> **What needs to be done**
Could you retype, exactly as written, every line from the top of the records through the line that contains "Ongles en amande"?

> **Records supplied**
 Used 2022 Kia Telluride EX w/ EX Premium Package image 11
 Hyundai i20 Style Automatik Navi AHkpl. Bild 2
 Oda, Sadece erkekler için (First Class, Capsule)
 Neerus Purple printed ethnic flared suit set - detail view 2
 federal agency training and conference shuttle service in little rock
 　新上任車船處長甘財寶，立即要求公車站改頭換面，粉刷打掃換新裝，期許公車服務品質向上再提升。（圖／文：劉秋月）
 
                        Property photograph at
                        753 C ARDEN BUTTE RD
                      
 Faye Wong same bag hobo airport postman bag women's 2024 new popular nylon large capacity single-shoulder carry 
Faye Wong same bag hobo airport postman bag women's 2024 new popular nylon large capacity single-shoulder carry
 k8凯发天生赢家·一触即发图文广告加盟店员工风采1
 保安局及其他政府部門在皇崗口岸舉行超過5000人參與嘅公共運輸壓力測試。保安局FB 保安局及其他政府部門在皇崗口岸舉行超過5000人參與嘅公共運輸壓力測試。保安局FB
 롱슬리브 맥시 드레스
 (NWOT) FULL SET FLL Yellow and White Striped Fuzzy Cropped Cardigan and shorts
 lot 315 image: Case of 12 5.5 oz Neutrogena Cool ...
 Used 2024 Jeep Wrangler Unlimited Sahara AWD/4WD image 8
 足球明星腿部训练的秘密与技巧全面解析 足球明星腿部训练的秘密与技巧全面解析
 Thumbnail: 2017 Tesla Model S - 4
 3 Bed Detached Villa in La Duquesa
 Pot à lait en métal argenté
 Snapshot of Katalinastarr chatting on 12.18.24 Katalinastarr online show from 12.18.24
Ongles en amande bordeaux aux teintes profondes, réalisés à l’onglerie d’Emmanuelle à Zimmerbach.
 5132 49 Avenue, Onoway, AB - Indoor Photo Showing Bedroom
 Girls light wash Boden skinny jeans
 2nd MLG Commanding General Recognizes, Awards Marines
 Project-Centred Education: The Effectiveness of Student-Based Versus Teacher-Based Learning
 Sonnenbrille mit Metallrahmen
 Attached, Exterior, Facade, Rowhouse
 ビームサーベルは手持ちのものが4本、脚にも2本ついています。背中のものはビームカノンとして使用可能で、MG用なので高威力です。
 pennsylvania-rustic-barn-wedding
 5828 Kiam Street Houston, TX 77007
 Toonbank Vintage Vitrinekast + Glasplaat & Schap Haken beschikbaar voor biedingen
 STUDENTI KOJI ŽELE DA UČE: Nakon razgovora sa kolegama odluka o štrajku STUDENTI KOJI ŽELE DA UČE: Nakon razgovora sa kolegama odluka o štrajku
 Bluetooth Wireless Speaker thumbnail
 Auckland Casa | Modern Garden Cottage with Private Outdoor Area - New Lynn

> **Reply**
 Used 2022 Kia Telluride EX w/ EX Premium Package image 11
 Hyundai i20 Style Automatik Navi AHkpl. Bild 2
 Oda, Sadece erkekler için (First Class, Capsule)
 Neerus Purple printed ethnic flared suit set - detail view 2
 federal agency training and conference shuttle service in little rock
 　新上任車船處長甘財寶，立即要求公車站改頭換面，粉刷打掃換新裝，期許公車服務品質向上再提升。（圖／文：劉秋月）
 
                        Property photograph at
                        753 C ARDEN BUTTE RD
                      
 Faye Wong same bag hobo airport postman bag women's 2024 new popular nylon large capacity single-shoulder carry 
Faye Wong same bag hobo airport postman bag women's 2024 new popular nylon large capacity single-shoulder carry
 k8凯发天生赢家·一触即发图文广告加盟店员工风采1
 保安局及其他政府部門在皇崗口岸舉行超過5000人參與嘅公共運輸壓力測試。保安局FB 保安局及其他政府部門在皇崗口岸舉行超過5000人參與嘅公共運輸壓力測試。保安局FB
 롱슬리브 맥시 드레스
 (NWOT) FULL SET FLL Yellow and White Striped Fuzzy Cropped Cardigan and shorts
 lot 315 image: Case of 12 5.5 oz Neutrogena Cool ...
 Used 2024 Jeep Wrangler Unlimited Sahara AWD/4WD image 8
 足球明星腿部训练的秘密与技巧全面解析 足球明星腿部训练的秘密与技巧全面解析
 Thumbnail: 2017 Tesla Model S - 4
 3 Bed Detached Villa in La Duquesa
 Pot à lait en métal argenté
 Snapshot of Katalinastarr chatting on 12.18.24 Katalinastarr online show from 12.18.24
Ongles en amande bordeaux aux teintes profondes, réalisés à l’onglerie d’Emmanuelle à Zimmerbach.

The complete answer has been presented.